“Squad” member Rep. Ayanna Pressley (D-MA) has decided that Walgreens is racist after the company closed a location in her district on Wednesday.

Laying down her accusation on the House Floor on this week, she revealed Walgreens’ plan to close another pharmacy located at Warren Street, Roxbury, in the Massachusett’s 7th congressional district.

Pointing out that the community is 85% black and Latino, the far-left representative stated, “This closure is a part of a larger trend of abandoning low-income communities like the previous closures in Mattapan and Hyde Park, both in the Massachusetts 7th. When a Walgreens leaves a neighborhood, they disrupt the entire community and they take with them baby formula, diapers, asthma inhalers, life-saving medications, and, of course, jobs.”

“These closures are not arbitrary and they are not innocent. They are life-threatening acts of racial and economic discrimination,” she added.

Pressley then went further to challenge Walgreen’s CEO Tim Wentworth, an effort collaborated by Sen. Ed Markey (D-MA) and Sen. Elizabeth Warren (D-MA), who join those in opposition to the closure in arguing that the closure would lead to a pharmacy desert in the area.

“Why was there no community input? No adequate notice to customers? And no transition resources to prevent gaps in health care?” she asked, adding, “Shame on you, Walgreens. Having a website with talking points about health equity and underserved communities is not enough.
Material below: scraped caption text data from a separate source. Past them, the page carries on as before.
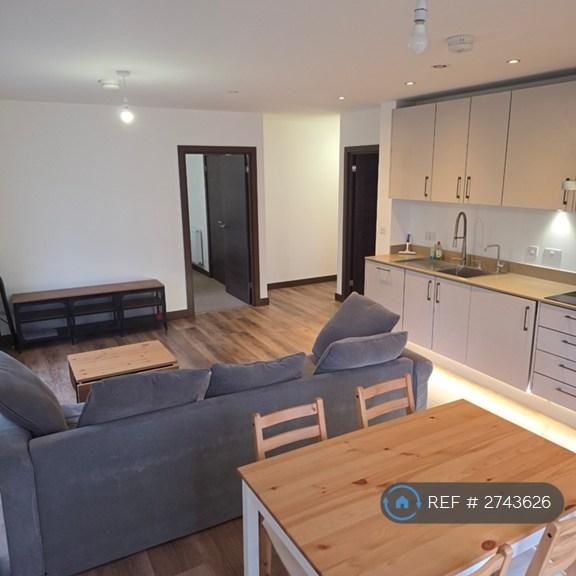 2 bedroom flat to rent - Photo 1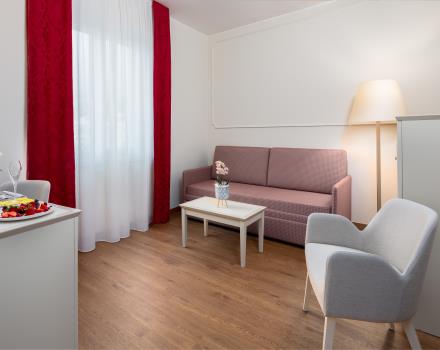 Discover the conveniences of our hotel''s junior suite in downtown Sanremo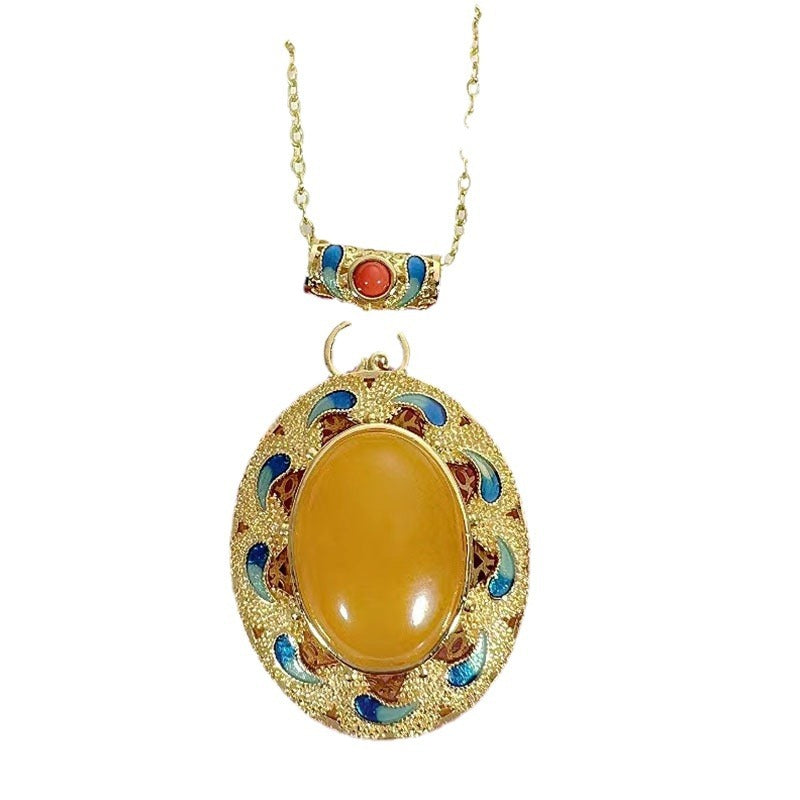 Beautiful Gold Pendant with Unique Style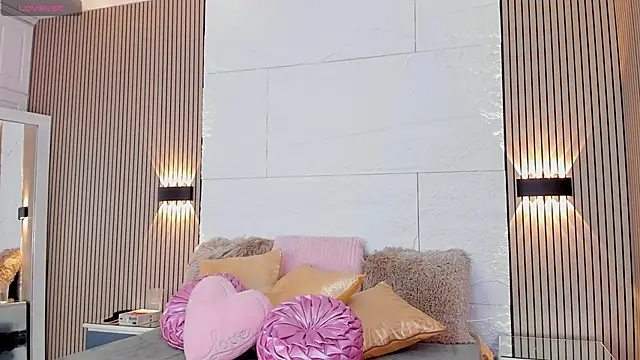 MoliBunny online show from 05-21-26, 03:48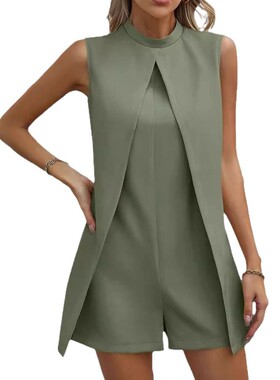 纯色假两件连体短裤Solid-color fake two-piece jumpsuit shorts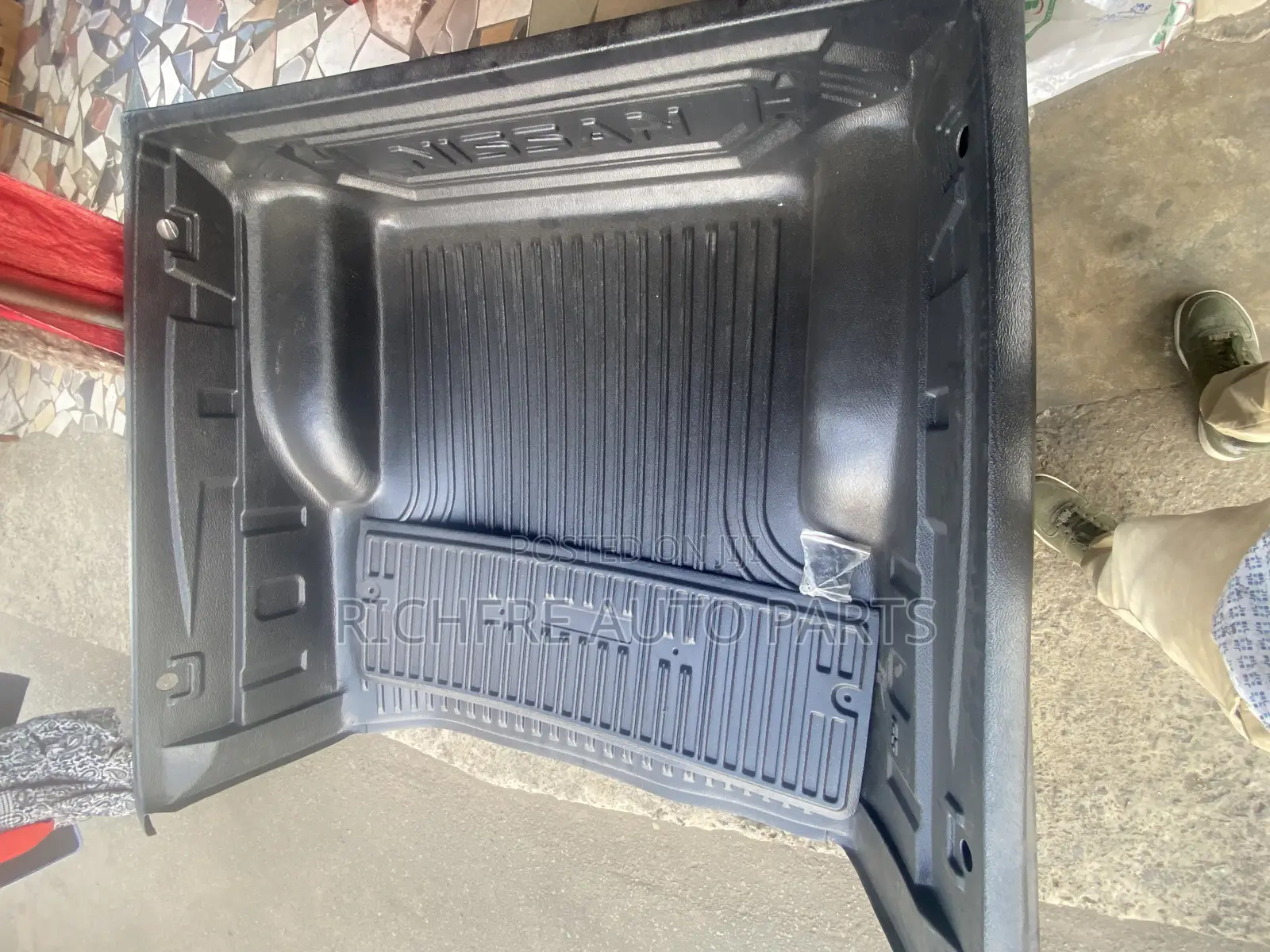 Nissan Navara Bucket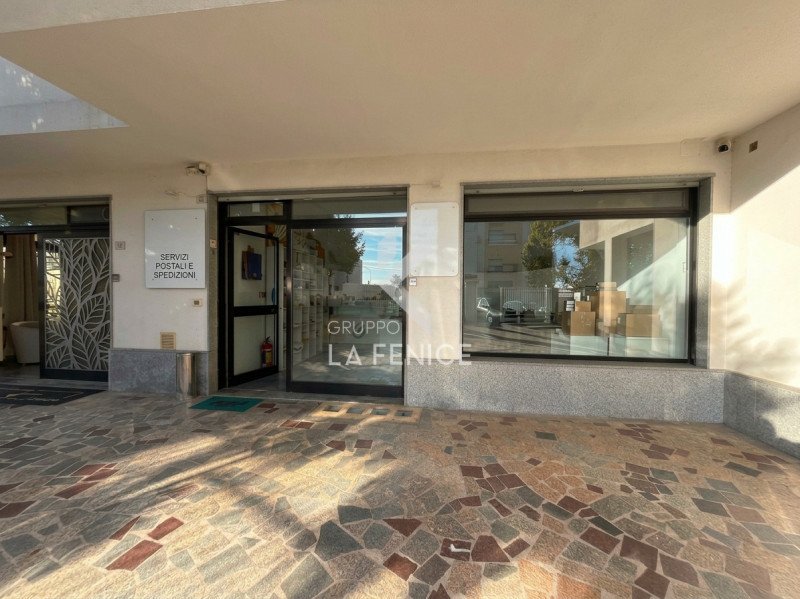 attivita commerciale in vendita a Cisternino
Walgreens is a multi-billion-dollar corporation that needs to put their money where their mouth is and stop divesting from Black and brown communities.”

While Pressley is making the company’s decision about race, Walgreens said that the several factors it takes into account when closing a store includes the dynamics of the local market and a change in purchasing habits of customers.
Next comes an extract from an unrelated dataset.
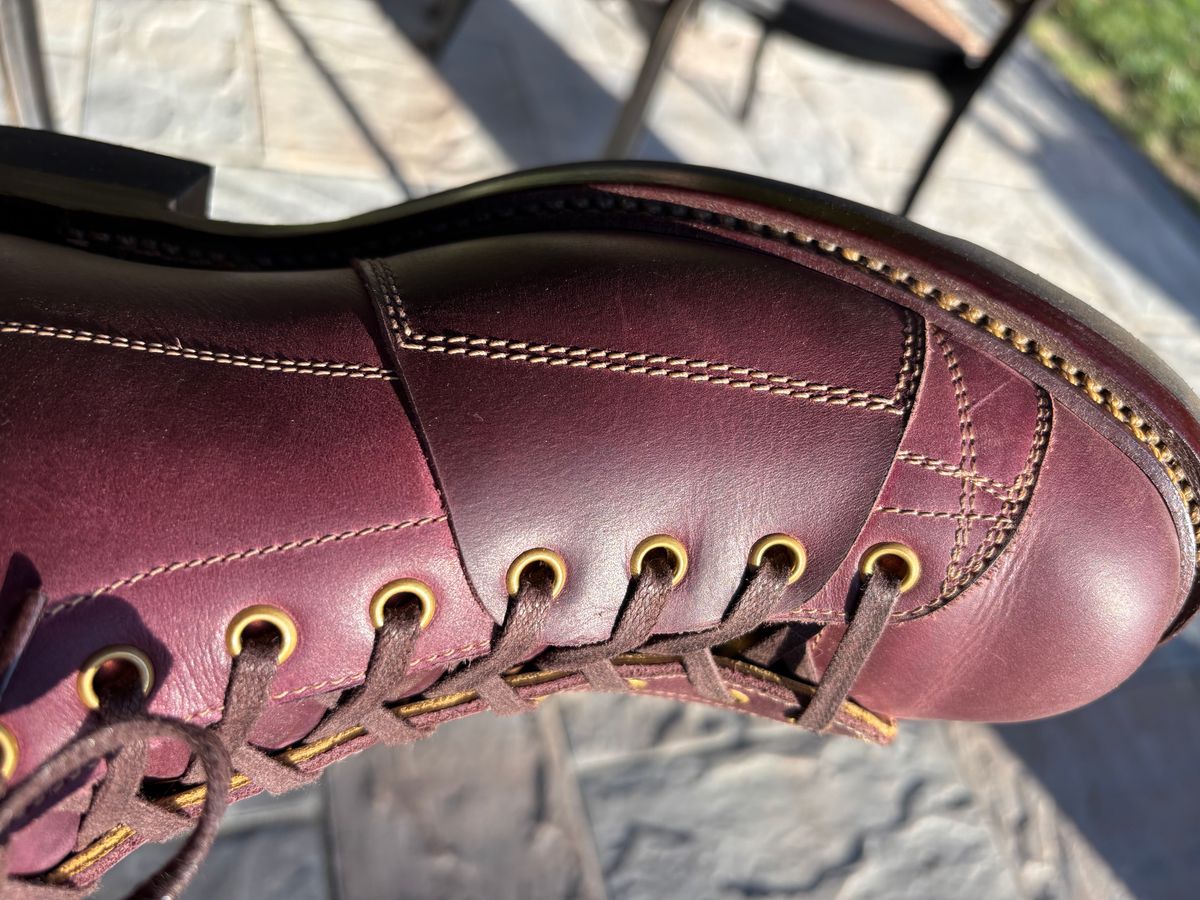 Photo by RawCordedSoul on September 20, 2025 of the Sagara Cordmaster in Burgundy Arboxwax.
Walgreens’ decision to close the store in Pressley’s district comes among various closures across the country, as the company revealed last year that it would be closing 150 stores in total.
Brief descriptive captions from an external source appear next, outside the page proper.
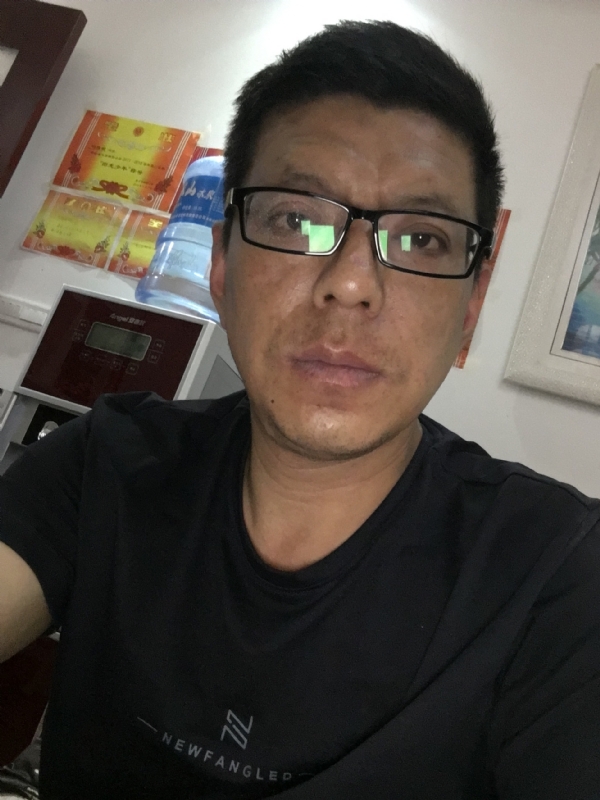 牵手的第三张照片--邢台相亲服务中心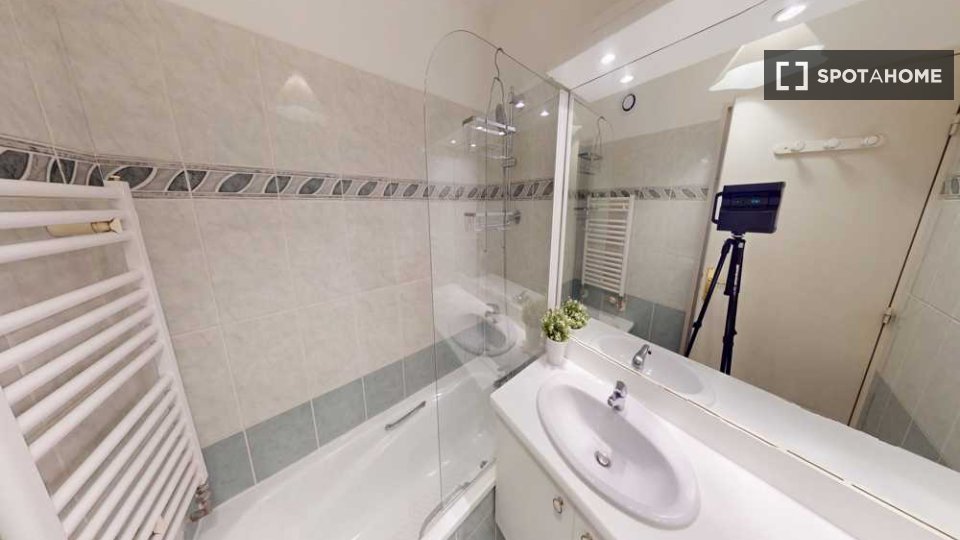 Double room Lyon, 4 beds, 90m² — photo 3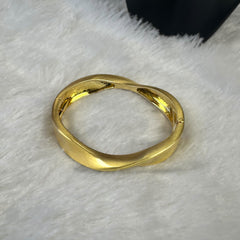 Wavy Style Anti-tarnish Cuff Bracelet - Gold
Massachusett’s 7th congressional district would be the fourth closure of a local Walgreens in Boston in a little over a year.

The company has said that it would be transferring patient files and prescriptions to a Walgreens that is about one mile away from the closed-down location. It would also offer free same-day delivery of prescription drugs for 90 days into the closure and waive the purchase minimum requirement of $35.